Major SpaceX customer Iridium has set an official target date for its eighth and final Iridium NEXT launch, expected to fly on a flight-proven Falcon 9 Block 5 booster as early as December 30th.
With Iridium-8 now tentatively on SpaceX’s launch manifest, the company’s West Coast schedule appears to have stabilized with two more orbital missions before the end of 2018 – Spaceflight Industry’s SSO-A rideshare mission will aim for the second half of November while Iridium-8 will likely be the last global launch of 2018 if it sticks to its December 30 target.

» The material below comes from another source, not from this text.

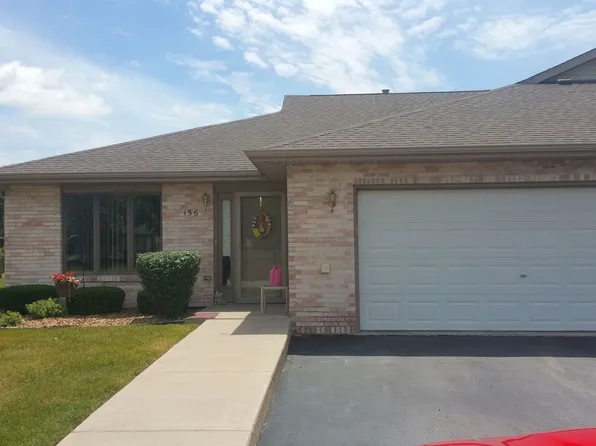 1248 Oak Grove Ct, Morris, IL 60450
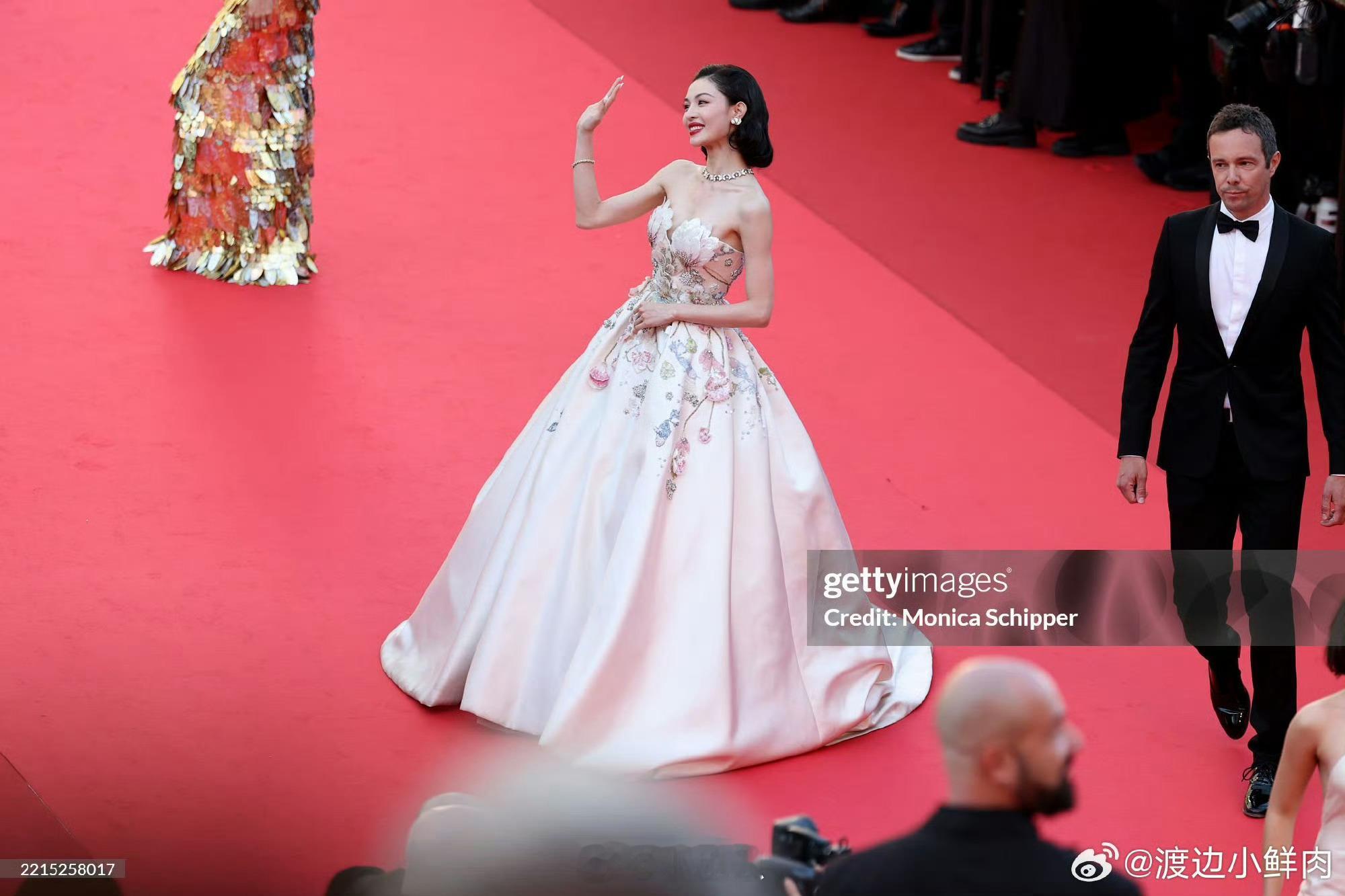 钟楚曦发了G社生图G社不会是钟楚曦站姐吧我说钟楚曦怎么可以这么美啊，美到以为G社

It’s taken awhile, but finally have a schedule for the final launch #8 of Iridium NEXT! 8:38am pst on December 30th – we’ll have the satellites, SpaceX assures us the flight proven rocket will be ready, and VAFB is ready to ring in the New Year with us! #ThePartyWillBeEpic pic.twitter.com/vQPPeSKm0P
— Matt Desch (@IridiumBoss) October 18, 2018
Iridium CEO Matt Desch was happy to offer a few additional details after tweeting Iridium-8’s targeted launch date and confirmed that – despite original estimates to the contrary – the mission would launch on flight-proven Falcon 9 booster B1049.2. He also stated that the booster would attempt to land on SpaceX drone ship Just Read The Instructions after launch, passing up a Return-to-Launch-Site (RTLS) recovery at the freshly-coronated Landing Zone 4 (LZ-4) due to the significant weight and suboptimal trajectory of Iridium’s payload.
Barring unexpectedly heavy payloads, high-energy orbits, or new launch contracts, it’s probable that Iridium-8 will be the company’s last drone ship rocket recovery on the West Coast for at least a year, if not longer. The only unknown is whether SpaceX needs to or is able to launch during harbor seal pupping season, lasting from March to June – if that environmental concern can be sidestepped or altogether avoided, there may be no reason for Just Read The Instructions to remain in California when the drone ship could instead move to Florida and immediately facilitate faster launch cadence or support Falcon Heavy missions that could benefit from multiple booster landings at sea.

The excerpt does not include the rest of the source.